Australia also pledges to continue to recognise the existing borders and maritime territories of Tuvalu even if it disappears entirely beneath the Pacific. The average elevation of the South West Pacific island states is one to two metres, putting them partly underwater with every storm surge.
For Tuvalu, Kiribati and Nauru, the balmy Pacific breeze is chill with the rising reality that they are likely ephemeral nations. A phrase in increasing currency in the region is “migration with dignity”.
“You only have two options,” Banga tells me. “Option one is a bad option, to say it’s inevitable, you can’t change it. Option two is to say they deserve a chance. And in that option, you have to assess whether technologically and financially, this is a winnable fight, and the best way to think about it is to think in terms of resilient infrastructure.”
So is it winnable? He cites the Potsdam Institute for Climate Impact Research: “It will tell you that even if we do the energy transition right … we still have to get right heavy-metals manufacturing – you know, steel, copper, all that is very heavy, energy-intensive. We have to get heavy transport right.
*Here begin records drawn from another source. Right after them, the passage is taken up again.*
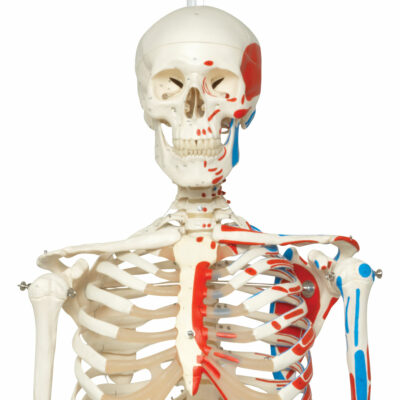 Muscle Skeleton Max, on Hanging Stand A11/1 2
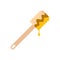 Honey dipper flat icon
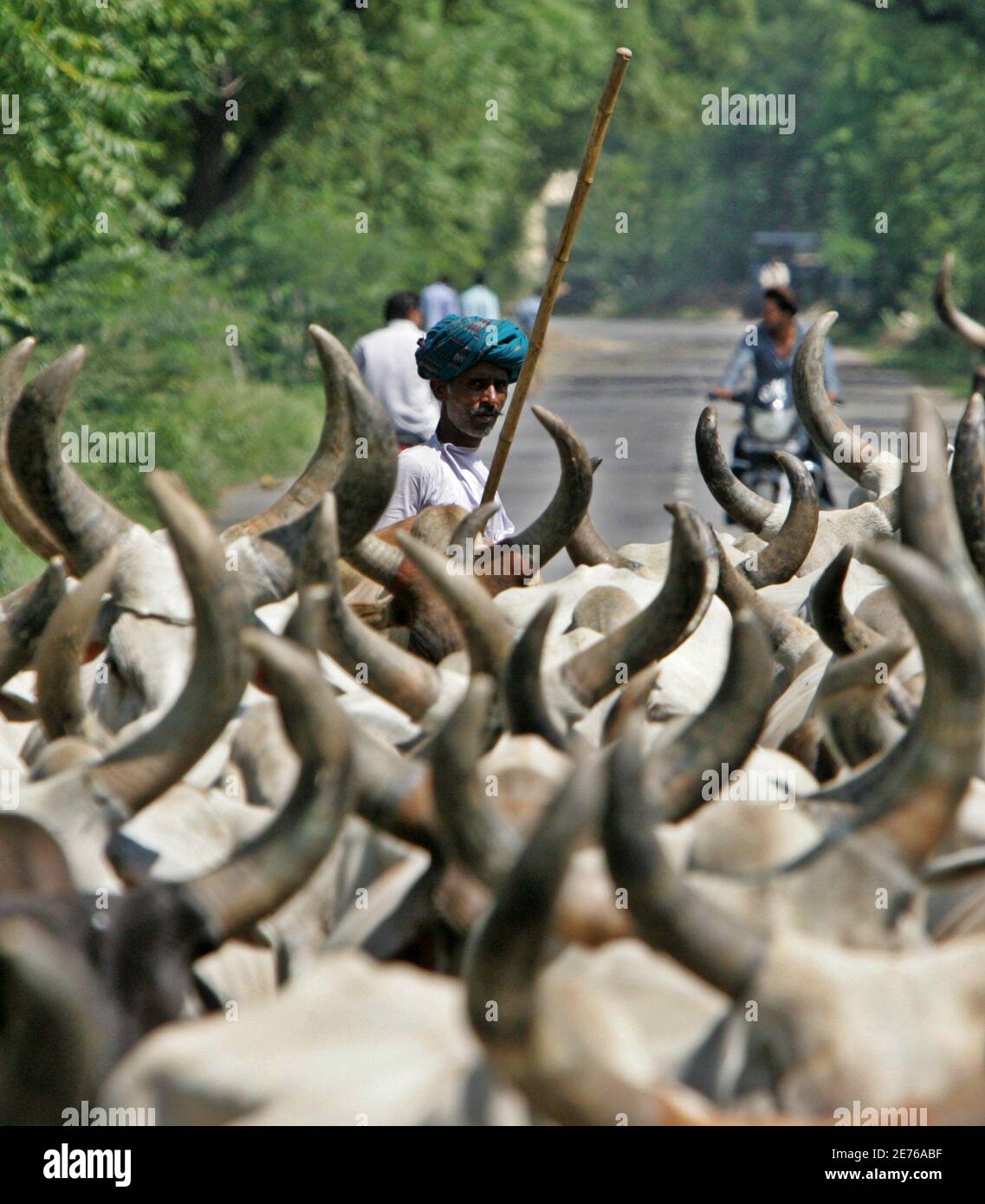 A Rajasthani nomad leads his cows and oxen on a highway in Sultanpur in the  northern state of Haryana September 20, 2005. Thousands of nomads from  India's desert state of Rajasthan move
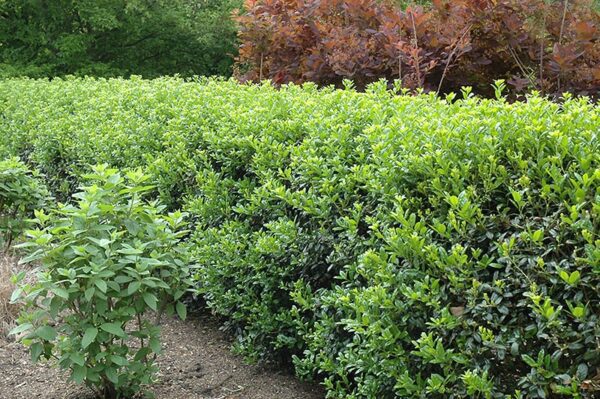 Dwarf Burford Holly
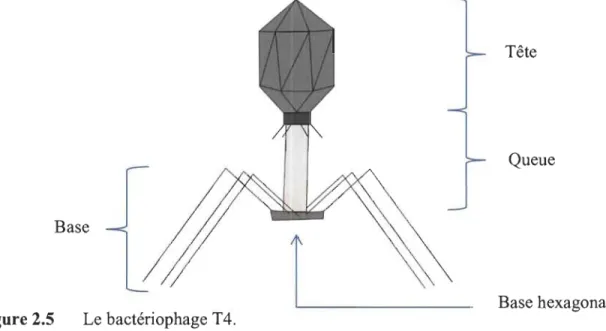 Figure 2.5  Le bactériophage T4. 
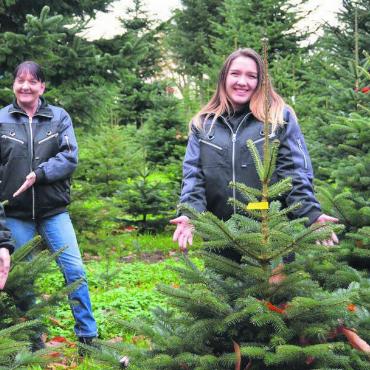 Tannen gehören zur Familie - Die Familie Feldmann, (v. l.) Xenia, Eveline, Vanessa und Heinz, beschäftigt sich das ganze Jahr hindurch mit Weihnachtsbäumen – und das seit 20 Jahren. Bild: Sabrina Salm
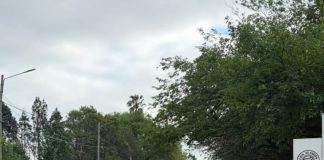 DETECTARON 94 BORRACHOS DURANTE EL FIN SE SEMANA LARGO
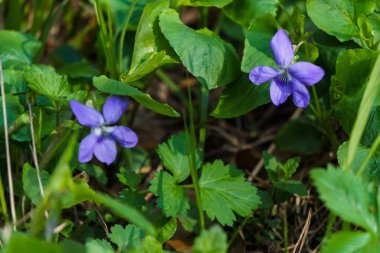 Bahar ormanındaki bir açıklıkta mor çiçekli orman menekşesi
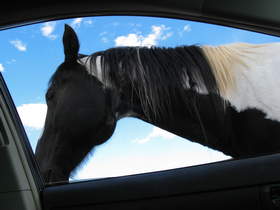 Pete the friendly Paint Horse wanted to wish me farewell (or bum some carrots off of me) as I returned home from my Arizona-Utah trip.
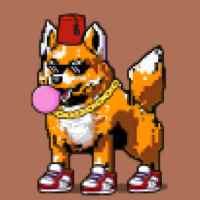 DogePunks #4134
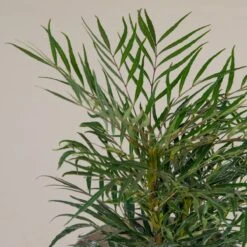 Mahonia ‘Soft Caress’ 17 Mahonia ‘Soft Caress’ -The Palm Centre M 16706 5f790f8268c9d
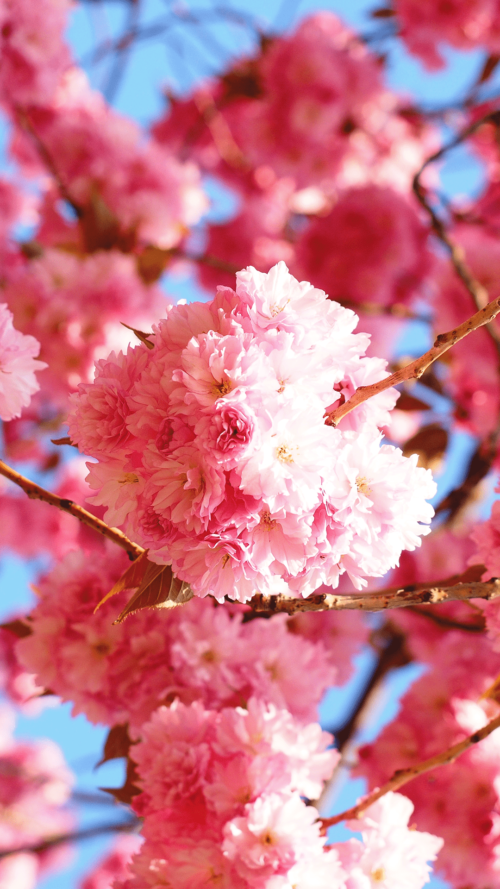 Background Cherry Blossom Wallpaper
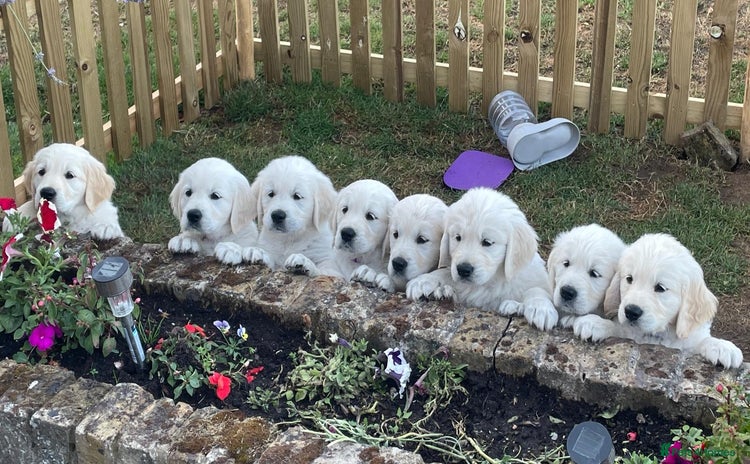 Golden Retriever dogs - Advert 1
After all, trucks, ships, airplanes, all use fossil fuels.
“We have to get agriculture and livestock right, methane, basically. Even if you get all that right, most likely, we’re going to blow through the Paris goals.”
Is it time to despair? No, he says, but the Potsdam research says the world will need carbon capture, a technology still unproven, on a grand scale, to start retrenching carbon that already exists in the atmosphere.
“So my belief is that we’re not yet at a point where we’ve lost,” says Banga, but “we are at a point where the public debate must go on scientific basis, and acknowledge some harsh realities of how we need to get this through the next few years.”
The science says that “we have to start doing this now; my view is, if mankind decides to go at this, we will figure it out in the coming years”. At what cost? At a manageable cost, posits Banga.
He offers two revolutionary ideas. One is that the current $US1.5 trillion subsidies that governments give to fossil fuels can be repurposed. He points out a model: the EU used to pay farmers €60 billion a year to use fertiliser; it’s reversed course and now pays them €60 billion euros a year to cut fertiliser use. “It’s brilliant,” says Banga, and it hints at a possible restructuring of fossil fuel subsidies.
The other is that more trillions, not billions, of dollars are needed to deal with the climate transition, and the only place to find such sums is the private sector. And to entice private funds into poor countries, they need to be offered a commercial return.
He has set up a “private sector lab” drawing on the advice of 15 leading chief executives, including the Macquarie Bank’s chief, Shemara Wikramanayake, to figure out how to do so. The subject animates Banga. The World Bank is now working through the group’s recommendations.
God help him.
Peter Hartcher is international editor.